**What to produce**:
Line for line, the listing below is to be transcribed exactly.
-------- Record set
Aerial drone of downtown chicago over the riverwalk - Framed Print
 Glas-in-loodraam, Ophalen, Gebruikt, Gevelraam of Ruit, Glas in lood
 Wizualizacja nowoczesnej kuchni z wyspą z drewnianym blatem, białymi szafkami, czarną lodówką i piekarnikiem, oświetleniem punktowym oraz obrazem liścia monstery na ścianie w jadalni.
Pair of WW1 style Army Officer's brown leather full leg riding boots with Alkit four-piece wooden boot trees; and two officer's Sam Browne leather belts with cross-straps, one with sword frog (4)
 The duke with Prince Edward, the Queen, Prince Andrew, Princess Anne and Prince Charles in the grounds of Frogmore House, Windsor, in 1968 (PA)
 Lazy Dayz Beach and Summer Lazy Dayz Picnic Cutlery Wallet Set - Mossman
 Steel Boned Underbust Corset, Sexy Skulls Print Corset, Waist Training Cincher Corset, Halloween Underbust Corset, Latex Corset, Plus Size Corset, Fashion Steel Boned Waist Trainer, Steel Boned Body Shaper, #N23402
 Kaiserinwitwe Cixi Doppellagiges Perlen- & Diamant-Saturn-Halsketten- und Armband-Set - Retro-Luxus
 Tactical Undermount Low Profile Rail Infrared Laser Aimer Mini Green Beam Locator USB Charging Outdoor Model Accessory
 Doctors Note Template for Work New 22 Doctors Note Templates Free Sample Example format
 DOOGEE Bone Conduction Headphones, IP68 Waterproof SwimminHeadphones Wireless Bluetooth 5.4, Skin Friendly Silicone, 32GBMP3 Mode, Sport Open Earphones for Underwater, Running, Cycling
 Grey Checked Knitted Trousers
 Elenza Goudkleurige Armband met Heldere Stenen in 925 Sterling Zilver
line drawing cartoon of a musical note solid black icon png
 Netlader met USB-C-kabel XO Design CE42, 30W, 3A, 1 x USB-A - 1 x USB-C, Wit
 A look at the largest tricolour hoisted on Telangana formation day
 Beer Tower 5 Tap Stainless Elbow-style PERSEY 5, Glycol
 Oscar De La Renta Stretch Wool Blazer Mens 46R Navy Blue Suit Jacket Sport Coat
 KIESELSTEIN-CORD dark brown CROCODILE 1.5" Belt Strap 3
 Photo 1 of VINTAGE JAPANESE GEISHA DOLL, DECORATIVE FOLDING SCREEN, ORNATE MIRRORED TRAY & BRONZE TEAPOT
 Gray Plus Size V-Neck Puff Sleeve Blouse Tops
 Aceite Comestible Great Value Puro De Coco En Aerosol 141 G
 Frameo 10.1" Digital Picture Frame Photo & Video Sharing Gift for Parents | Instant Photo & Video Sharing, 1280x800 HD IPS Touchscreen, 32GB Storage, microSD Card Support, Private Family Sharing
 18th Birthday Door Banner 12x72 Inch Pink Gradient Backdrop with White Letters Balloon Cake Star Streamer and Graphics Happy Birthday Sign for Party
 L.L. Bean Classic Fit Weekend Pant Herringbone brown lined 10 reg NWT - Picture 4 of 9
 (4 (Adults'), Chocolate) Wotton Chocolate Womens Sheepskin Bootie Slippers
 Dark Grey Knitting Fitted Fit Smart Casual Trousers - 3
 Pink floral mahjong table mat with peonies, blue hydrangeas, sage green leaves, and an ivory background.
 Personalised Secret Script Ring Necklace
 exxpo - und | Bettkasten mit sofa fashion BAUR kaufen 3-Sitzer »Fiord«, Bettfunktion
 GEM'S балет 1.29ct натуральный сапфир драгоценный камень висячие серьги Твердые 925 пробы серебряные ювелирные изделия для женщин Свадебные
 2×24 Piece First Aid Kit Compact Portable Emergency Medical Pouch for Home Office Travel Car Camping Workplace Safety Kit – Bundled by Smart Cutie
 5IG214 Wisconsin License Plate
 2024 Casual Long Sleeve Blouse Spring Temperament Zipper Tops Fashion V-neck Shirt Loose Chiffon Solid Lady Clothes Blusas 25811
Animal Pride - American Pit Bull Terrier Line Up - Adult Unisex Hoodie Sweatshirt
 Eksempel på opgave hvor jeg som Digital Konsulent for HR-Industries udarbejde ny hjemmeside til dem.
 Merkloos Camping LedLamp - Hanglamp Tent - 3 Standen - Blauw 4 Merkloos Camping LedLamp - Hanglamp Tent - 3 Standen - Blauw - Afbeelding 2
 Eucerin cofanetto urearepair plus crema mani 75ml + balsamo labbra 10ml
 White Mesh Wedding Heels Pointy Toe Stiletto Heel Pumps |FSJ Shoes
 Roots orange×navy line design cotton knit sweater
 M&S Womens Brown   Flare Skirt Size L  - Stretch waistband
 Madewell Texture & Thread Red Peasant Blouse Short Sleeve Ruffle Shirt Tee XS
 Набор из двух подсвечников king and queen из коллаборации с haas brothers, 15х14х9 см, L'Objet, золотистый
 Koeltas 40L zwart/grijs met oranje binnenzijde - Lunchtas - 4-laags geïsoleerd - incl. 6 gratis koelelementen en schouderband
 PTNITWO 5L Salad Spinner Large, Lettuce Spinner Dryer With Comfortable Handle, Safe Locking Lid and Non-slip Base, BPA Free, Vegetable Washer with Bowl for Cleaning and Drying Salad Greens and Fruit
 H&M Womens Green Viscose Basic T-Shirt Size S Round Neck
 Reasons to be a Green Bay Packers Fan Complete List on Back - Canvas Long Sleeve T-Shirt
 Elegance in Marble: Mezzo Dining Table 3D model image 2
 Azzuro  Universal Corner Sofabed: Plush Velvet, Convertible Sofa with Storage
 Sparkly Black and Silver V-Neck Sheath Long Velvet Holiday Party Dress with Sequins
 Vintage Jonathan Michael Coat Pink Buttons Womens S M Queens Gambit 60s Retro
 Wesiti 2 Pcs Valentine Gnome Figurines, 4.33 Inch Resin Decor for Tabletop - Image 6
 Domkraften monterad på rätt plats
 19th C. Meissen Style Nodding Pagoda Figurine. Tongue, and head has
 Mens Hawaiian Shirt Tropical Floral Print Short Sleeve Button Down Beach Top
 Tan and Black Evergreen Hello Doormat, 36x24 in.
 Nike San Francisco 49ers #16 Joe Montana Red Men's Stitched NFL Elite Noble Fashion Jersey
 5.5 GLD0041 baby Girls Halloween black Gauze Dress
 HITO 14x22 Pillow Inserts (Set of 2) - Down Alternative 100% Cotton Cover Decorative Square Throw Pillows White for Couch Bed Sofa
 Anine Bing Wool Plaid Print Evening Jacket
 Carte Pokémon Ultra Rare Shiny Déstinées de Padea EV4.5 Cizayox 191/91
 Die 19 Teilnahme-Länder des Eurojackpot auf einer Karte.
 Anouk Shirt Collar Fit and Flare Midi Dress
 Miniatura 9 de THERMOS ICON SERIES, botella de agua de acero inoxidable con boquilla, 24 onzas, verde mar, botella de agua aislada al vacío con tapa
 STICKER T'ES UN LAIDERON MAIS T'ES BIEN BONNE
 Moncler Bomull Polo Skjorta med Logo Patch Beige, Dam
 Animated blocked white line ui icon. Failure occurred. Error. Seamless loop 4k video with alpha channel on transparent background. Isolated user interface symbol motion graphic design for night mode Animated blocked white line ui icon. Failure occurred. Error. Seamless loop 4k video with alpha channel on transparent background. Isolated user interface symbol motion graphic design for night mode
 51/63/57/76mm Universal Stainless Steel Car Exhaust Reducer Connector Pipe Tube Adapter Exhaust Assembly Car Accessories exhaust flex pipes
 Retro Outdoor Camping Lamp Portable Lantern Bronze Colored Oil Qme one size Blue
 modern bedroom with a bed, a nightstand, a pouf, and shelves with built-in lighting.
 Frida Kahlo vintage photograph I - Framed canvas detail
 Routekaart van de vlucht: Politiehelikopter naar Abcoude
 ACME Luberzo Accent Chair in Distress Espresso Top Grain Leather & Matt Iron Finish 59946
----------------
**Response to this exercise**:
Aerial drone of downtown chicago over the riverwalk - Framed Print
 Glas-in-loodraam, Ophalen, Gebruikt, Gevelraam of Ruit, Glas in lood
 Wizualizacja nowoczesnej kuchni z wyspą z drewnianym blatem, białymi szafkami, czarną lodówką i piekarnikiem, oświetleniem punktowym oraz obrazem liścia monstery na ścianie w jadalni.
Pair of WW1 style Army Officer's brown leather full leg riding boots with Alkit four-piece wooden boot trees; and two officer's Sam Browne leather belts with cross-straps, one with sword frog (4)
 The duke with Prince Edward, the Queen, Prince Andrew, Princess Anne and Prince Charles in the grounds of Frogmore House, Windsor, in 1968 (PA)
 Lazy Dayz Beach and Summer Lazy Dayz Picnic Cutlery Wallet Set - Mossman
 Steel Boned Underbust Corset, Sexy Skulls Print Corset, Waist Training Cincher Corset, Halloween Underbust Corset, Latex Corset, Plus Size Corset, Fashion Steel Boned Waist Trainer, Steel Boned Body Shaper, #N23402
 Kaiserinwitwe Cixi Doppellagiges Perlen- & Diamant-Saturn-Halsketten- und Armband-Set - Retro-Luxus
 Tactical Undermount Low Profile Rail Infrared Laser Aimer Mini Green Beam Locator USB Charging Outdoor Model Accessory
 Doctors Note Template for Work New 22 Doctors Note Templates Free Sample Example format
 DOOGEE Bone Conduction Headphones, IP68 Waterproof SwimminHeadphones Wireless Bluetooth 5.4, Skin Friendly Silicone, 32GBMP3 Mode, Sport Open Earphones for Underwater, Running, Cycling
 Grey Checked Knitted Trousers
 Elenza Goudkleurige Armband met Heldere Stenen in 925 Sterling Zilver
line drawing cartoon of a musical note solid black icon png
 Netlader met USB-C-kabel XO Design CE42, 30W, 3A, 1 x USB-A - 1 x USB-C, Wit
 A look at the largest tricolour hoisted on Telangana formation day
 Beer Tower 5 Tap Stainless Elbow-style PERSEY 5, Glycol
 Oscar De La Renta Stretch Wool Blazer Mens 46R Navy Blue Suit Jacket Sport Coat
 KIESELSTEIN-CORD dark brown CROCODILE 1.5" Belt Strap 3
 Photo 1 of VINTAGE JAPANESE GEISHA DOLL, DECORATIVE FOLDING SCREEN, ORNATE MIRRORED TRAY & BRONZE TEAPOT
 Gray Plus Size V-Neck Puff Sleeve Blouse Tops
 Aceite Comestible Great Value Puro De Coco En Aerosol 141 G
 Frameo 10.1" Digital Picture Frame Photo & Video Sharing Gift for Parents | Instant Photo & Video Sharing, 1280x800 HD IPS Touchscreen, 32GB Storage, microSD Card Support, Private Family Sharing
 18th Birthday Door Banner 12x72 Inch Pink Gradient Backdrop with White Letters Balloon Cake Star Streamer and Graphics Happy Birthday Sign for Party
 L.L. Bean Classic Fit Weekend Pant Herringbone brown lined 10 reg NWT - Picture 4 of 9
 (4 (Adults'), Chocolate) Wotton Chocolate Womens Sheepskin Bootie Slippers
 Dark Grey Knitting Fitted Fit Smart Casual Trousers - 3
 Pink floral mahjong table mat with peonies, blue hydrangeas, sage green leaves, and an ivory background.
 Personalised Secret Script Ring Necklace
 exxpo - und | Bettkasten mit sofa fashion BAUR kaufen 3-Sitzer »Fiord«, Bettfunktion
 GEM'S балет 1.29ct натуральный сапфир драгоценный камень висячие серьги Твердые 925 пробы серебряные ювелирные изделия для женщин Свадебные
 2×24 Piece First Aid Kit Compact Portable Emergency Medical Pouch for Home Office Travel Car Camping Workplace Safety Kit – Bundled by Smart Cutie
 5IG214 Wisconsin License Plate
 2024 Casual Long Sleeve Blouse Spring Temperament Zipper Tops Fashion V-neck Shirt Loose Chiffon Solid Lady Clothes Blusas 25811
Animal Pride - American Pit Bull Terrier Line Up - Adult Unisex Hoodie Sweatshirt
 Eksempel på opgave hvor jeg som Digital Konsulent for HR-Industries udarbejde ny hjemmeside til dem.
 Merkloos Camping LedLamp - Hanglamp Tent - 3 Standen - Blauw 4 Merkloos Camping LedLamp - Hanglamp Tent - 3 Standen - Blauw - Afbeelding 2
 Eucerin cofanetto urearepair plus crema mani 75ml + balsamo labbra 10ml
 White Mesh Wedding Heels Pointy Toe Stiletto Heel Pumps |FSJ Shoes
 Roots orange×navy line design cotton knit sweater
 M&S Womens Brown   Flare Skirt Size L  - Stretch waistband
 Madewell Texture & Thread Red Peasant Blouse Short Sleeve Ruffle Shirt Tee XS
 Набор из двух подсвечников king and queen из коллаборации с haas brothers, 15х14х9 см, L'Objet, золотистый
 Koeltas 40L zwart/grijs met oranje binnenzijde - Lunchtas - 4-laags geïsoleerd - incl. 6 gratis koelelementen en schouderband
 PTNITWO 5L Salad Spinner Large, Lettuce Spinner Dryer With Comfortable Handle, Safe Locking Lid and Non-slip Base, BPA Free, Vegetable Washer with Bowl for Cleaning and Drying Salad Greens and Fruit
 H&M Womens Green Viscose Basic T-Shirt Size S Round Neck
 Reasons to be a Green Bay Packers Fan Complete List on Back - Canvas Long Sleeve T-Shirt
 Elegance in Marble: Mezzo Dining Table 3D model image 2
 Azzuro  Universal Corner Sofabed: Plush Velvet, Convertible Sofa with Storage
 Sparkly Black and Silver V-Neck Sheath Long Velvet Holiday Party Dress with Sequins
 Vintage Jonathan Michael Coat Pink Buttons Womens S M Queens Gambit 60s Retro
 Wesiti 2 Pcs Valentine Gnome Figurines, 4.33 Inch Resin Decor for Tabletop - Image 6
 Domkraften monterad på rätt plats
 19th C. Meissen Style Nodding Pagoda Figurine. Tongue, and head has
 Mens Hawaiian Shirt Tropical Floral Print Short Sleeve Button Down Beach Top
 Tan and Black Evergreen Hello Doormat, 36x24 in.
 Nike San Francisco 49ers #16 Joe Montana Red Men's Stitched NFL Elite Noble Fashion Jersey
 5.5 GLD0041 baby Girls Halloween black Gauze Dress
 HITO 14x22 Pillow Inserts (Set of 2) - Down Alternative 100% Cotton Cover Decorative Square Throw Pillows White for Couch Bed Sofa
 Anine Bing Wool Plaid Print Evening Jacket
 Carte Pokémon Ultra Rare Shiny Déstinées de Padea EV4.5 Cizayox 191/91
 Die 19 Teilnahme-Länder des Eurojackpot auf einer Karte.
 Anouk Shirt Collar Fit and Flare Midi Dress
 Miniatura 9 de THERMOS ICON SERIES, botella de agua de acero inoxidable con boquilla, 24 onzas, verde mar, botella de agua aislada al vacío con tapa
 STICKER T'ES UN LAIDERON MAIS T'ES BIEN BONNE
 Moncler Bomull Polo Skjorta med Logo Patch Beige, Dam
 Animated blocked white line ui icon. Failure occurred. Error. Seamless loop 4k video with alpha channel on transparent background. Isolated user interface symbol motion graphic design for night mode Animated blocked white line ui icon. Failure occurred. Error. Seamless loop 4k video with alpha channel on transparent background. Isolated user interface symbol motion graphic design for night mode
 51/63/57/76mm Universal Stainless Steel Car Exhaust Reducer Connector Pipe Tube Adapter Exhaust Assembly Car Accessories exhaust flex pipes
 Retro Outdoor Camping Lamp Portable Lantern Bronze Colored Oil Qme one size Blue
 modern bedroom with a bed, a nightstand, a pouf, and shelves with built-in lighting.
 Frida Kahlo vintage photograph I - Framed canvas detail
 Routekaart van de vlucht: Politiehelikopter naar Abcoude
 ACME Luberzo Accent Chair in Distress Espresso Top Grain Leather & Matt Iron Finish 59946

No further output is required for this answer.